On those two days, he led from the front and saw Kenya get out of tight situations when it was thought that the cause had been lost. While playing against South Africa's provincial side Free State at Diamond Oval in Kimberely, South Africa on Friday, Rakep hit 10 boundaries and three sixes in his 44-ball 74 to lead Kenya to a six-wicket victory.
Ideally, Kenya's top order had almost collapsed and the East Africans were three wickets down inside six overs. Alex Obanda was bowled when Kenya had scored only 10 runs and Irfan Karim followed him back to the pavilion two balls later to leave Kenya reeling at 10 for 2 inside four overs.
When Rakep joined Dhiren Gondaria in the middle, Kenya were on the back foot and the duo needed to steady the Kenyan ship. By the time Gondaria's scalp was claimed by Shadley van Schalkwyk after he had scored a five-ball 11, Kenya were reeling at the palindromical 33/3 and needed to score 115 runs from 88 balls.
That can be a tall order against a side in whose country cricket is not a pastime but a professional sport guided by science, and not luck. Rakep held his nerve and, together with former skipper Collins Obuya, plundered 93 runs off the South Africans and by the time he was bowled in the 15th over, Kenya needed 22 runs from 20 balls to register their first win.
Collins and Gurdeep Singh garnered the remaining runs in 10 balls to see Kenya home and dry with six wickets, leaving the Free Staters wondering what had happened to their glittering start at the De Beers Diamond Oval.

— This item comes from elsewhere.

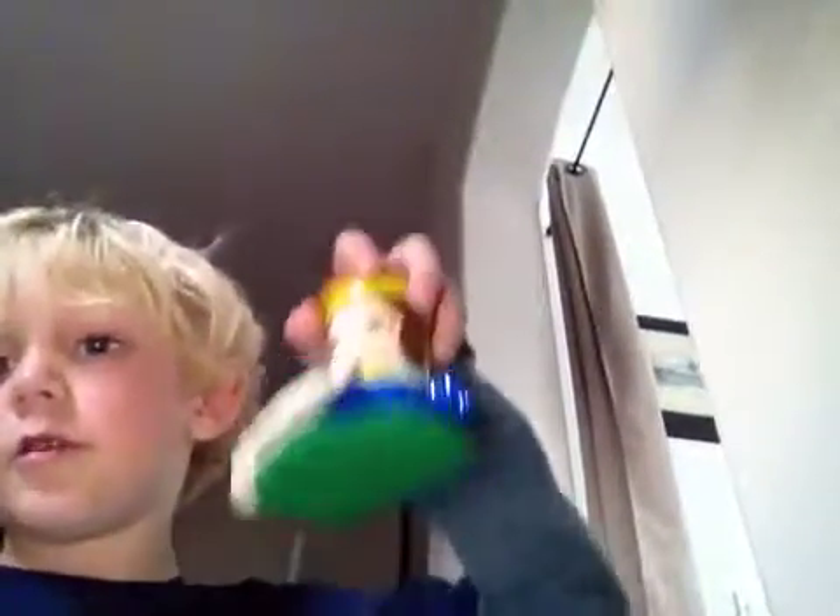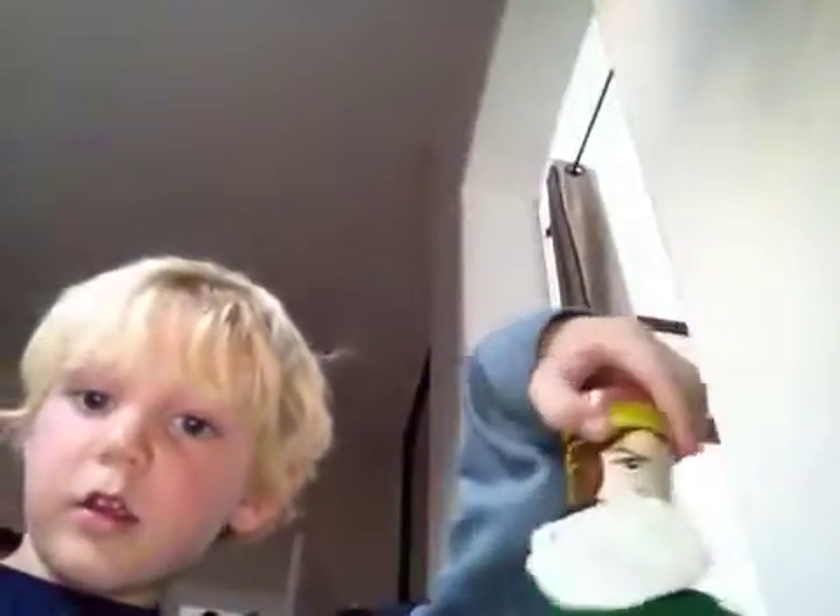She is eating the pancake. So, okay. This is what she looks like when she's eating the pancake. Oh, my mom.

On Saturday, Kenyans were facing Northern Cape at the same venue, and elected to field after winning the toss. The home side, like Free Staters the previous day, were shining and their openers had a 56-run partnership before Grant Mokoena was caught by Patel off Nelson Odhiambo.
They stuttered thereafter but managed 148 runs for the loss of five and Kenyans needed to score at the rate of 7.45 to win their second match in Group C that also has KawZulu-Natal.
Kenya lost Obanda in the second over and Karim in the third with the scoreboard reading 15 and by the time Collins was run out, the East Africans had scored only 38 runs and were four wickets down.
But Patel and Gurdeep added 50 and when the latter was sent back to the pavilion, the skipper and Nelson added 61 to see Kenya through with eight balls to spare.
Patel hit an unbeaten 47-ball 72, which included six fours and four sixes to fire Kenya to the top of Group C and be declared the man of the match.
One can argue that the opponents Kenya are facing in the Africa T20 Cup tournament are provincial sides and not national teams, but such a school of thought should be banished and structures strengthened to nurture more players like Rakep who have the right attitude and can respond positively.